Поэтому основной лозунг Толстого: «Никаких компромиссов». Логика действительно не знает компромиссов. Отсюда нравственный максимализм» Толстого. Он – моралист-революционер. Ведь он потому против революции политической, что он стоит за революцию моральную. Толстой исходит из учения о непротивлении злу, которое он считает учением евангельским, и затем все выводит из этого основного принципа, как геометрические теоремы – и отрицание государства, судов, смертной казни, террора и т.д.

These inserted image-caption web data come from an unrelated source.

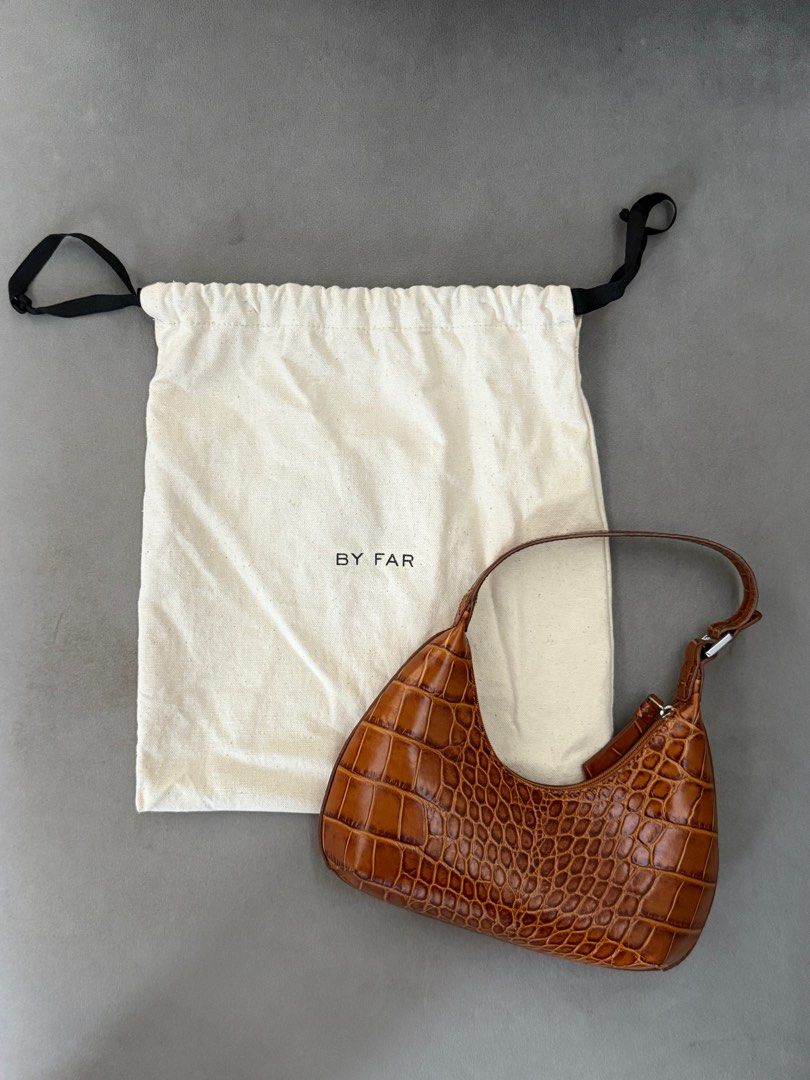 by Far Baby Amber Bag Tan Croc Embossed Leather (Category: Bags & Wallets) located in Singapore. Submitted by jazzy18 (Listing ID 1367581882, Image 1). Description: Seldom used. Still in pristine condition. 100% Cowhide Leather Lining: 100% Cotton.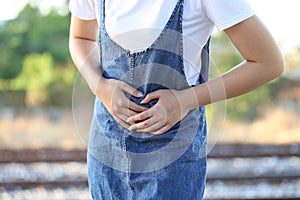 Young woman feeling pain with her stomachache on nature green background, Healthcare and Medicine concep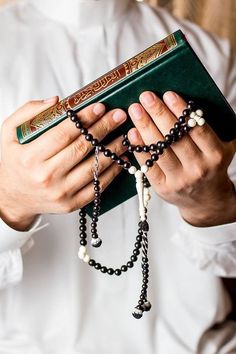 a man in a white shirt is holding a book with rosarys on his hands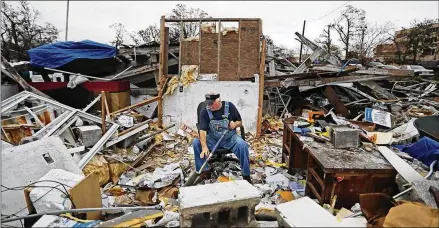  ?? DAVID GOLDMAN / ASSOCIATED PRESS ?? Patrick Muth sifts through debris in January in what used to be his office of his fifth-generation plumbing business he continues to operate in Panama City, Fla. “You have two options,” said Muth. “You can lay down and cry or you can keep marching.”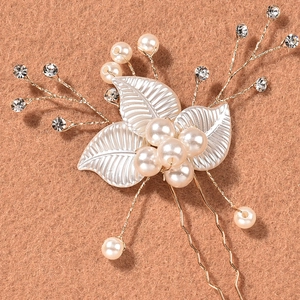 Détail de l'épingle de mariée avec feuilles en résine blanche, perles et cristaux sur épingle dorée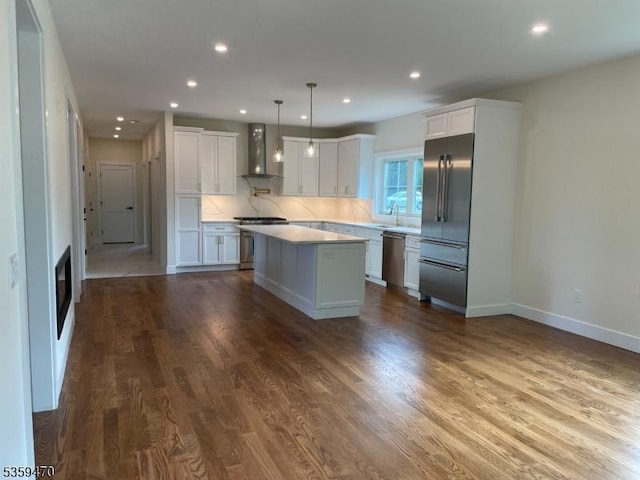 1 Willow Pl, East Hanover Twp, NJ 07936 - kitchen featuring appliances with stainless steel finishes, wall chimney range hood, a kitchen island, light countertops, and white cabinets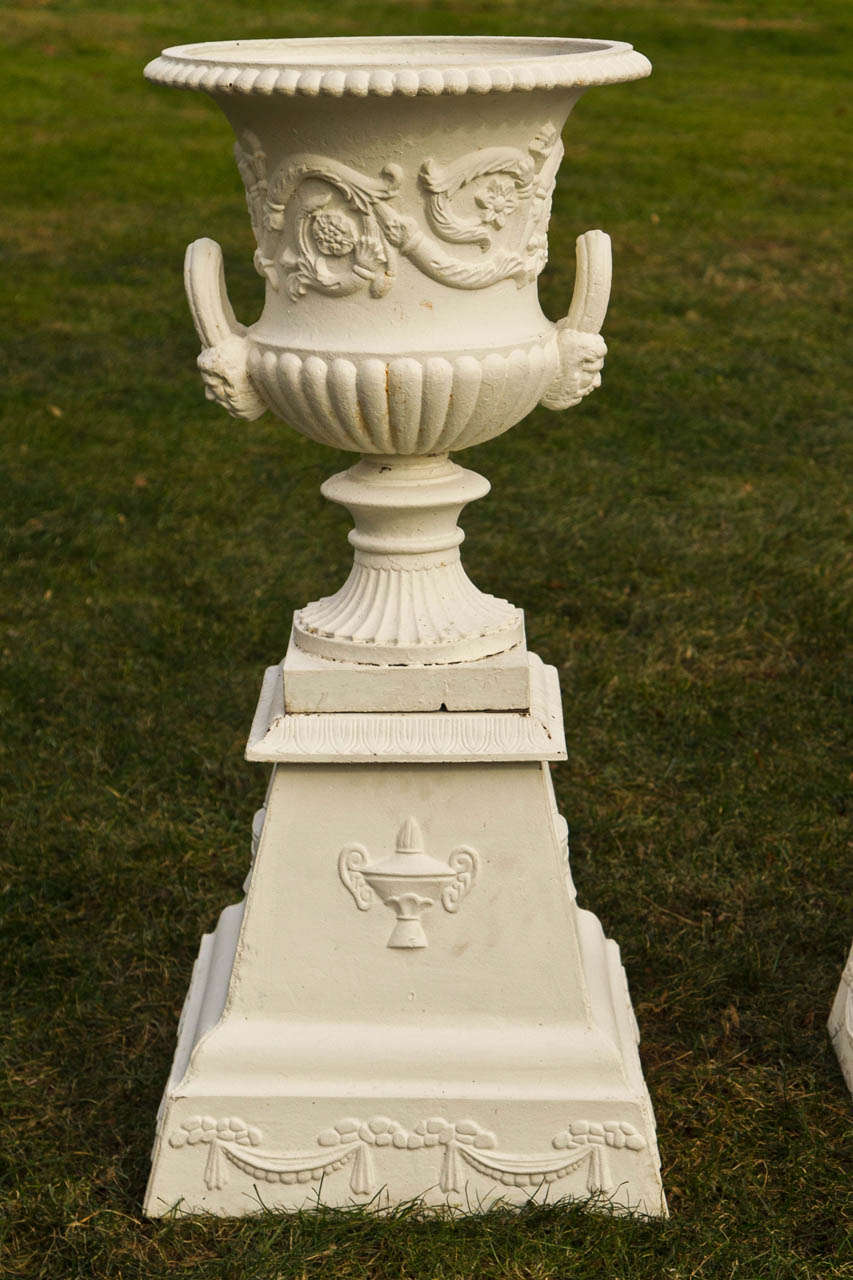 American Pair of Neoclassical Mask and Loop Cast-Iron Urns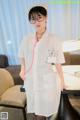 A woman in a white lab coat and glasses posing for a picture.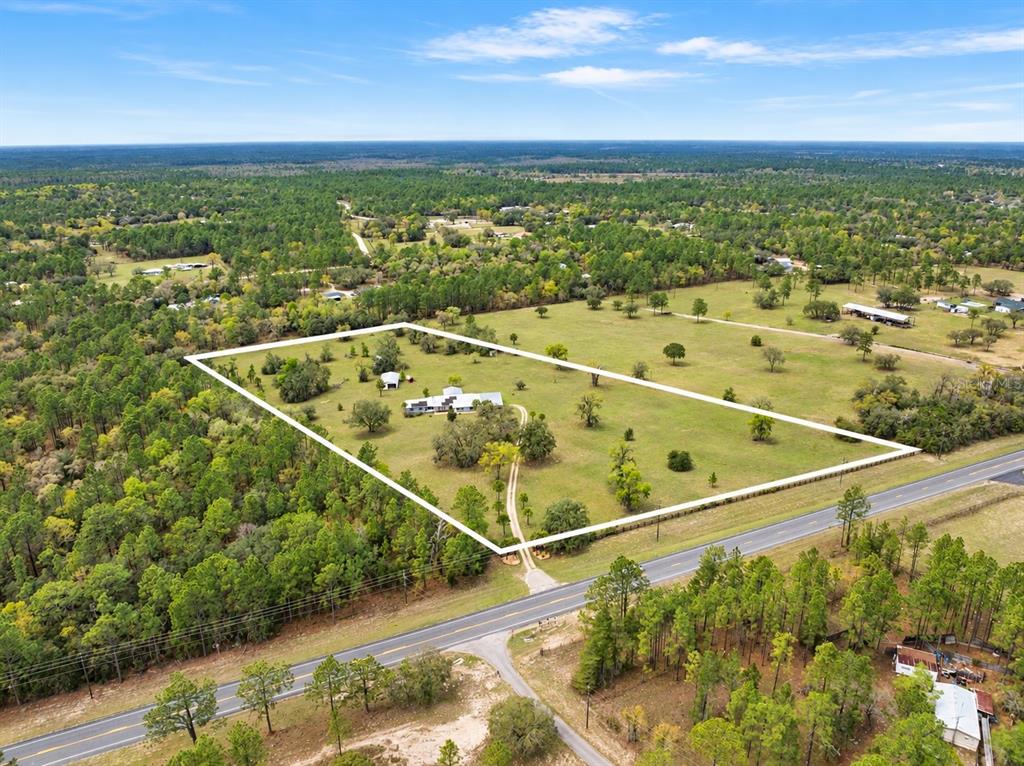 A single-story house with a metal roof and solar panels sits on a grassy lot — 7450 SE STATE ROAD 121, MORRISTON, FL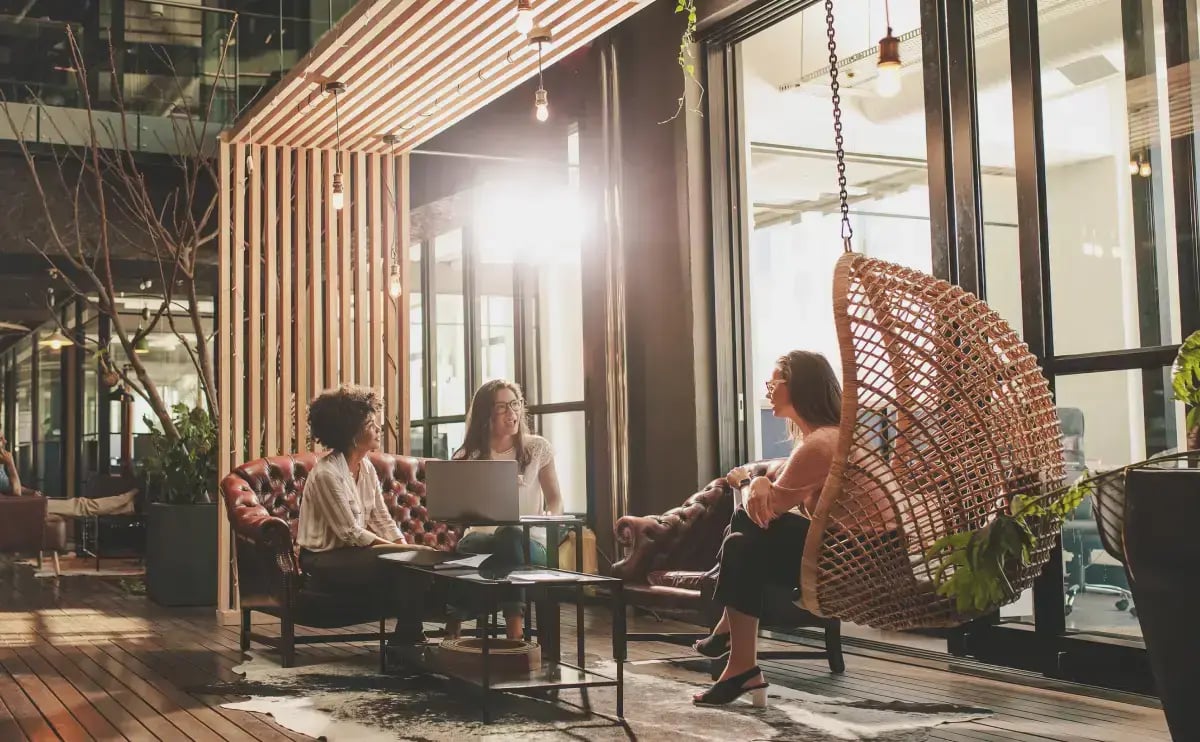 A group of young professionals sitting around a table discussion insurance options.
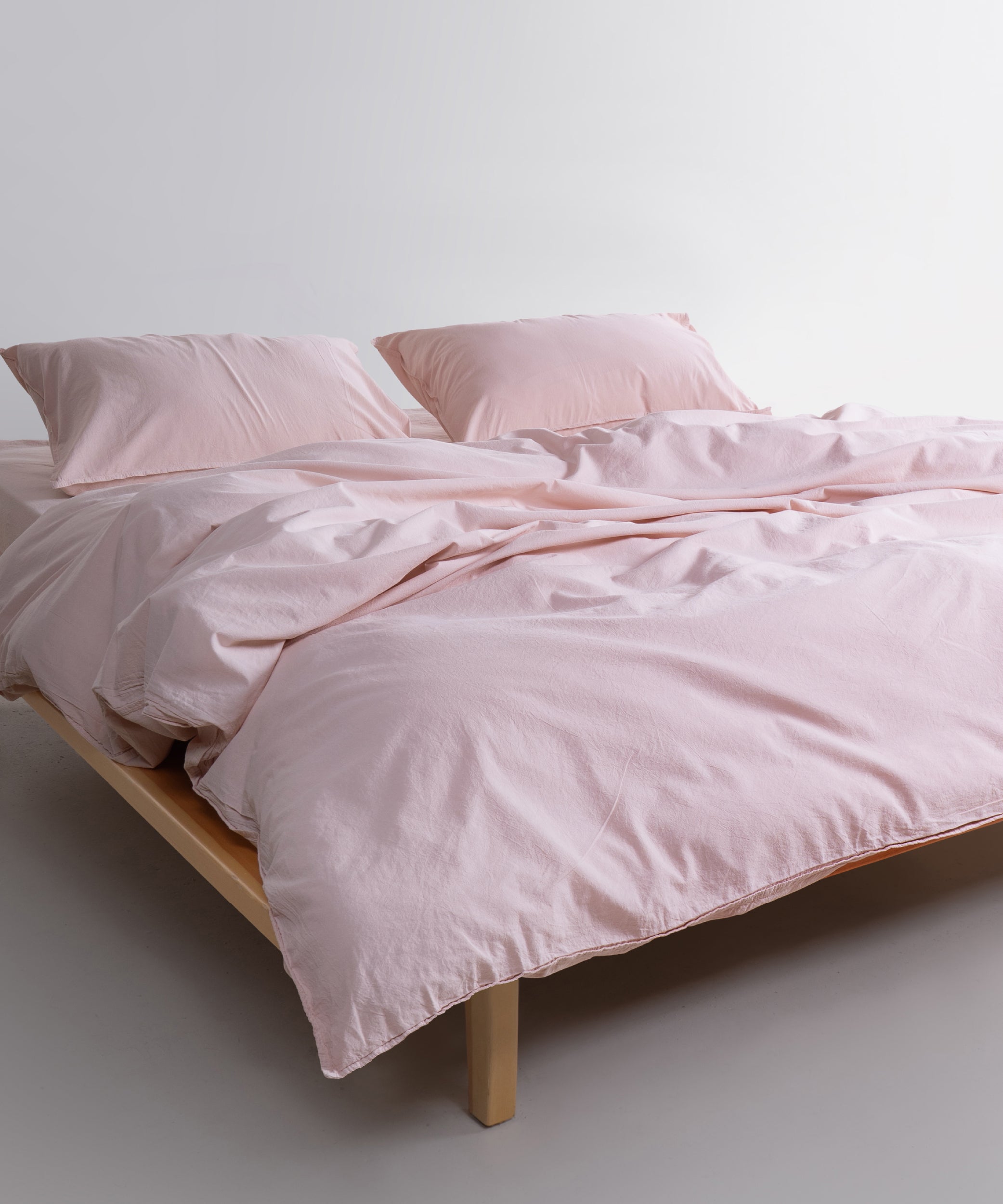 Close up texture of 100% stonewashed cotton duvet cover in Pristine white, soft breathable fabric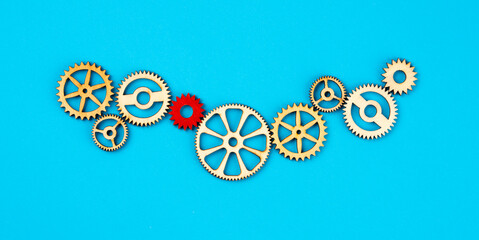 Wooden cogwheels on blue background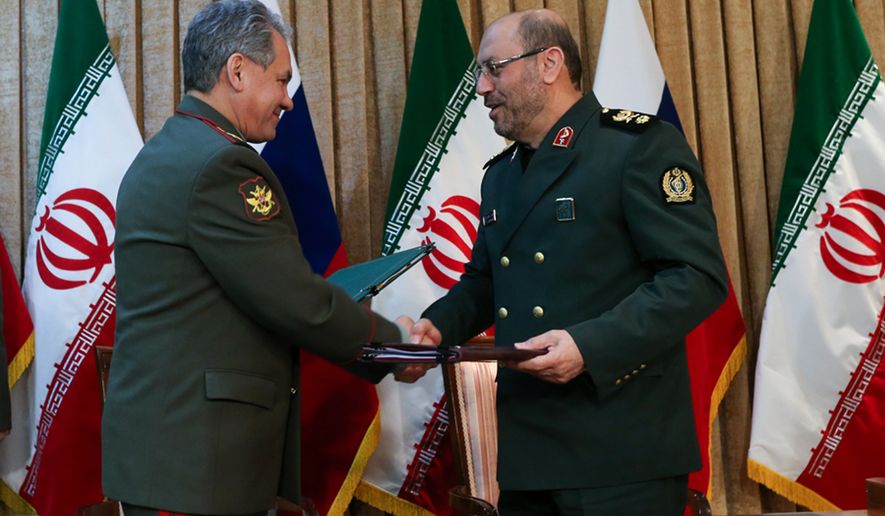 In this Tuesday, Jan. 20, 2015, photo Russia&#39;s Defense Minister Sergei Shoigu, left, and Iran&#39;s Defense Minister Hossein Dehghan exchange signed documents in Tehran, Iran. (AP Photo/ Vadim Savitsky, Russian Defense Ministry Press Service)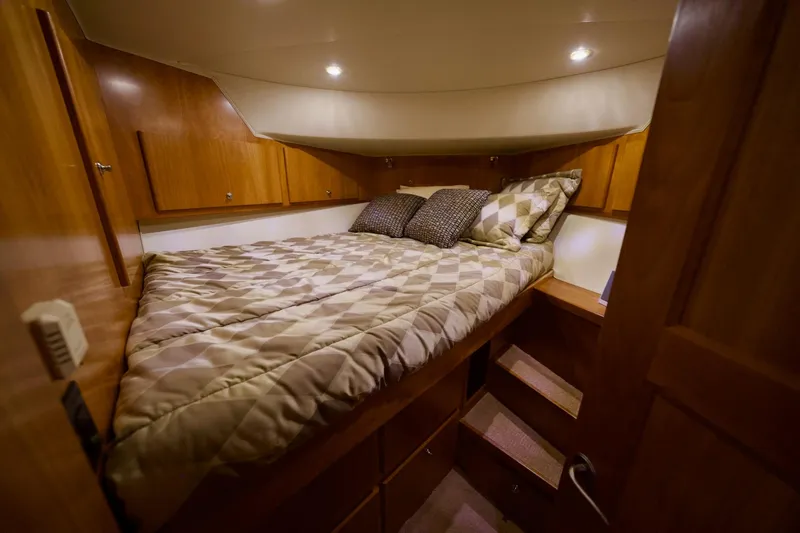 Nautilus Yacht Photos Pics Cozy bedroom in 2008 Navigator 5100 yacht with wooden cabinets and patterned bedding.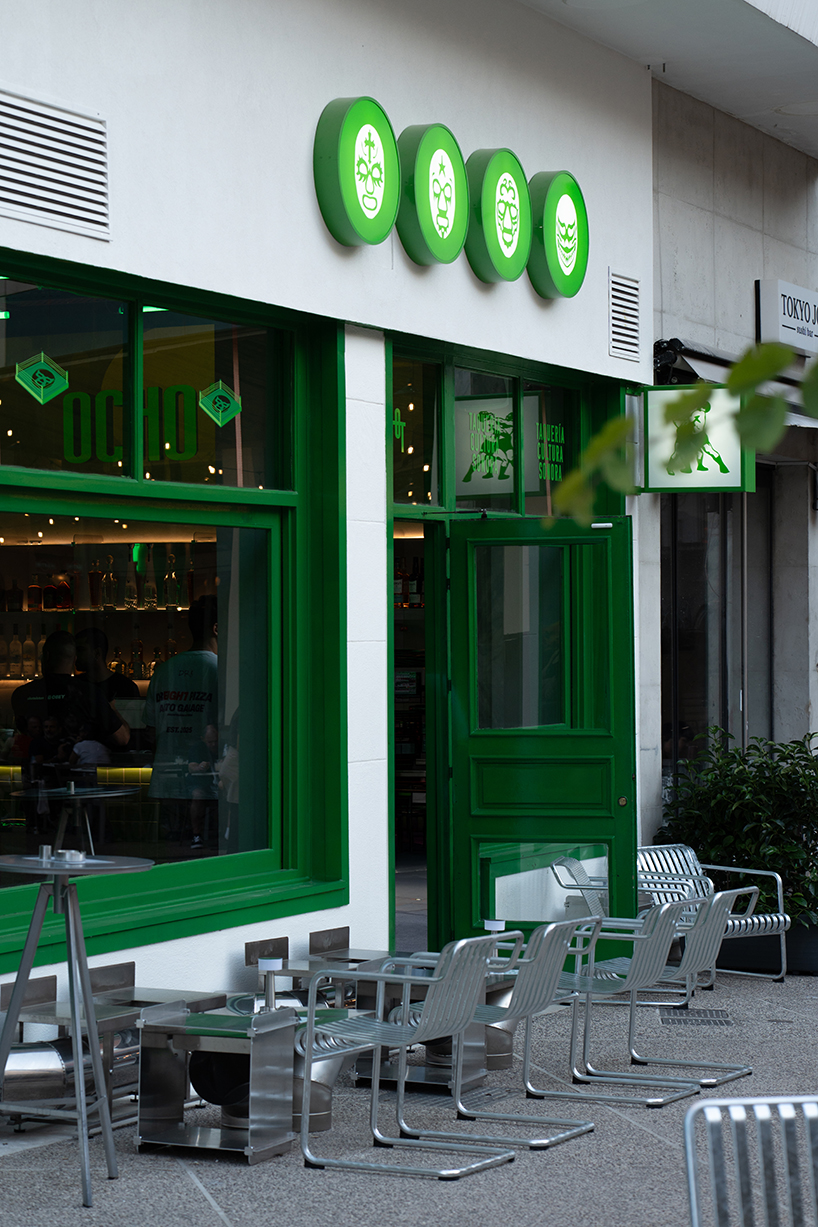 studiomateriality translates lucha libre into green-lit, stainless-steel bar in athens - 1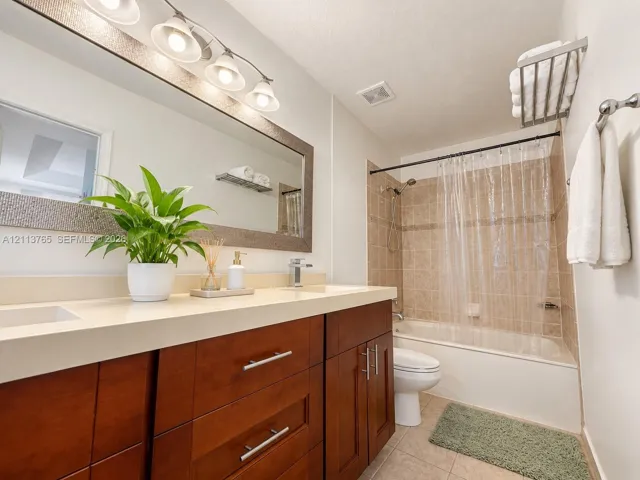 Bathroom featuring a dual-sink vanity with wood-finish cabinetry, solid surface countertop, expansive framed mirror, and tiled shower-tub combination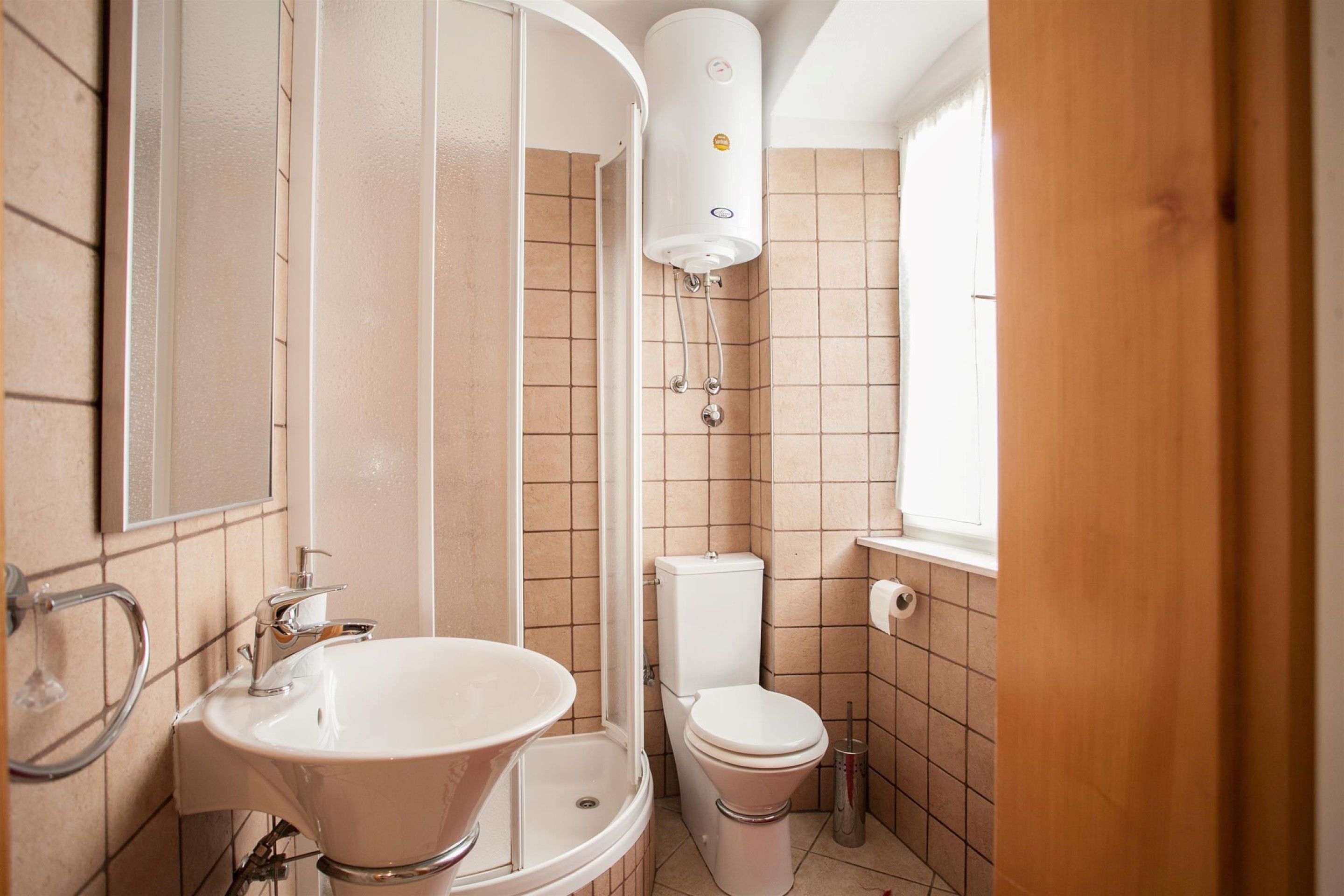 Un baño pequeño con lavamanos, inodoro y ducha.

И в личной жизни все становится ясным. Не только прощай твои личные обиды, но, если разбойник нападет на твою жену, на твоего сына, ты не можешь защищать их. Не противься злому. Христианская мораль вообще является построением идеальным, трудно ее воплощение в жизнь. Но насколько труднее воплотить мораль Толстого? Какое дело Толстому, если ему скажут, что его мораль противоречит человеческой природе, противна здравому смыслу. Он вращается в сфере морального сознания, а не жизни.

Он занимается моральной геометрией или моральной астрономией, открывает нам звезды, которые едва ли даже могут быть «кормчими звездами».

Итак, резюмирую: моральная система Толстого есть отвлеченная система морали, логическое раскрытие единого морального принципа, она не считается с условиями осуществимости. Такая мораль вневременна, антиисторична.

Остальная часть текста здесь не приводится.